# [MATERIAL PROVIDED]
*** Begin section ***
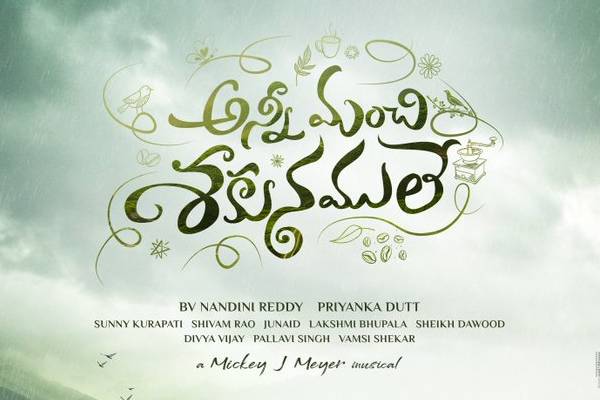 Nandini Reddy’s next film Announced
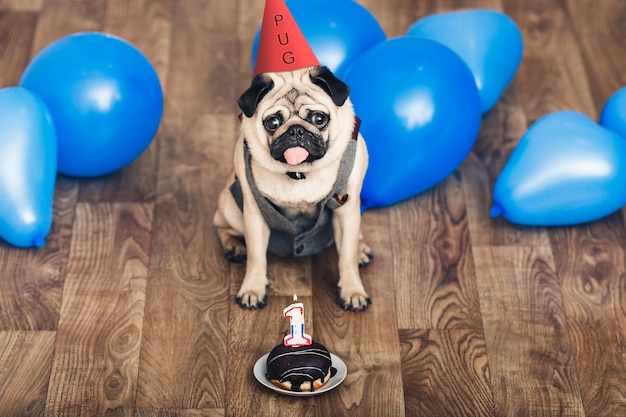 Puppy pug on birthday with a hat, blue balls and a cake.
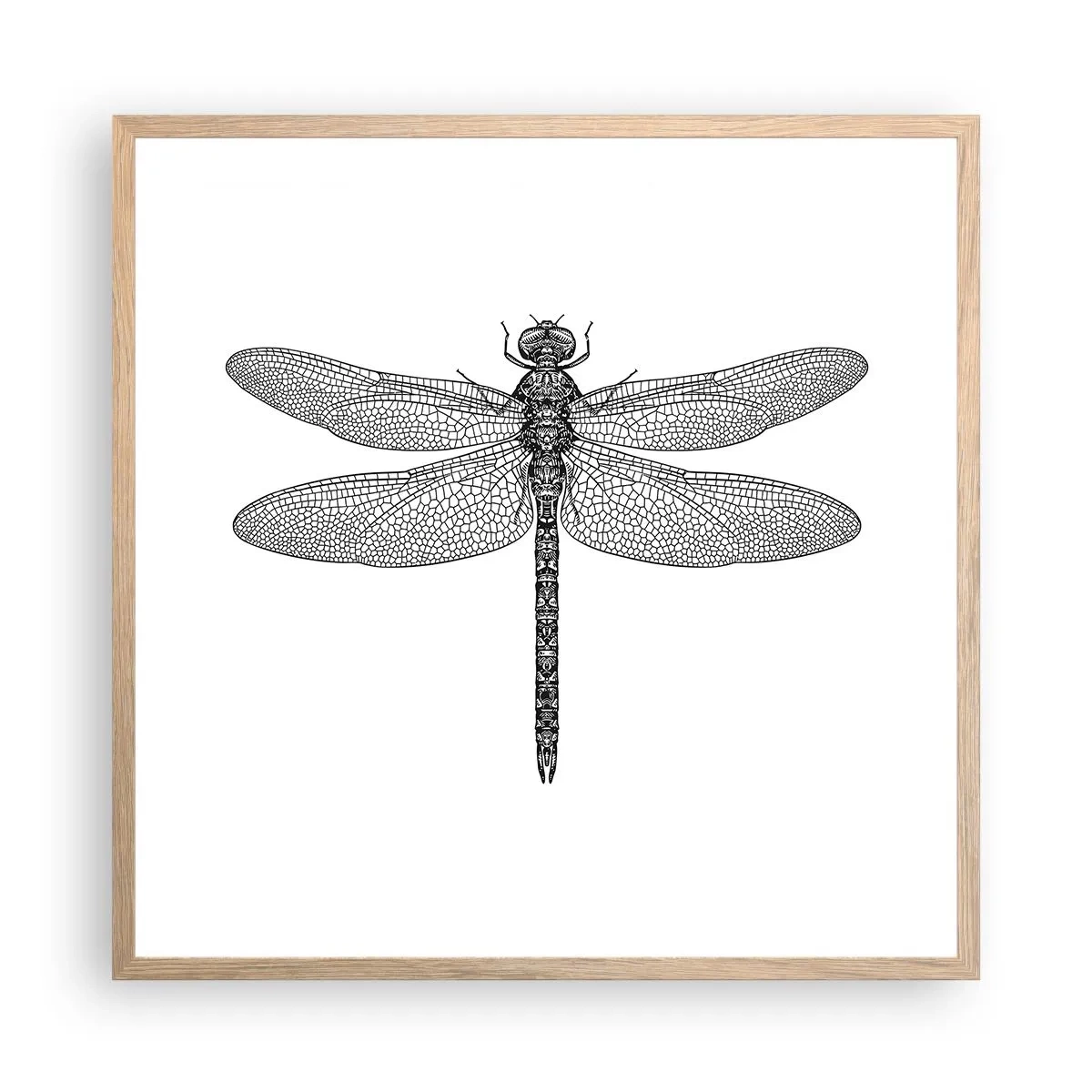 Affiche dans un chêne clair - Poster - Précision de la nature - 60x60 cm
*** End section ***
# [WORK TO COMPLETE]
Leaving the images out, retype all the material above exactly.

# [ANSWER SPACE]
 Nandini Reddy’s next film Announced
 Puppy pug on birthday with a hat, blue balls and a cake.
 Affiche dans un chêne clair - Poster - Précision de la nature - 60x60 cm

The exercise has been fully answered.